A Prayer for Owen Meany
Society and Class Quotes
How we cite our quotes:
It was Owen who introduced me to Wall's History of Gravesend, although I didn't read the whole book until I was a senior at Gravesend Academy, where the tome was required as a part of a town history project; Owen read it before he was ten. He told me that the book was FULL OF WHEELWRIGHTS. (1.51)
The Wheelwrights play a prominent role in the history of Gravesend. This gives them a certain quality of being regal and important. This is their town (well, at least as far as Harriet is concerned).
Delivery boys and guests in the house frequently mistook Lydia for my grandmother, because Lydia looked quite regal in her wheelchair and she was about my grandmother's age; she had tea with my grandmother every afternoon, and she played cards with my grandmother's bridge club—with those very same ladies whose tea she had once fetched. Shortly before Lydia died, even my Aunt Martha was struck by the resemblance Lydia bore to my grandmother. Yet to various guests and delivery boys, Lydia would always say—with a certain indignation of tone that was borrowed from my grandmother—"I am not Missus Wheelwright, I am Missus Wheelwright's former maid." It was exactly in the manner that Grandmother would claim that her house was not the Gravesend Inn. (1.73)

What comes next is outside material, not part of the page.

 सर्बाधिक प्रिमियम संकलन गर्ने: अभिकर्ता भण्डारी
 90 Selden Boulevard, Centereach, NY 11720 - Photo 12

The relationship between Lydia and Harriet is really interesting, largely because it gives us a close look at how deeply rooted class identity is among the older generation in Gravesend. Harriet and Lydia are totally besties – Lydia even sticks around and lives with Harriet after she can't work as a maid anymore. Still, Lydia seems to be really aware of what her place in society is in relation to her former boss.
The Meanys, in my grandmother's lexicon, were not Mayflower stock. They were not descended from the founding fathers; you could not trace a Meany back to John Adams. They were descended from later immigrants; they were Boston Irish. The Meanys made their move to New Hampshire from Boston, which was never England; they'd also lived in Concord, New Hampshire, and in Barre, Vermont—those were much more working-class places than Gravesend. Those were New England's true granite kingdoms. My grandmother believed that mining and quarrying, of all kinds, was groveling work—and that quarries and miners were more closely related to moles than to men. As for the Meanys: none of the family was especially small, except for Owen. (1.91)
The Wheelwrights are like town royalty because they can trace their roots back to the founding fathers; there's a place for their family in the history books (literally). The Meanys, on the other hand, are working-class folk. Their background shows that, in terms of social status, moving to Gravesend is a step up from their roots. For the Wheelwrights, it's all they've ever known.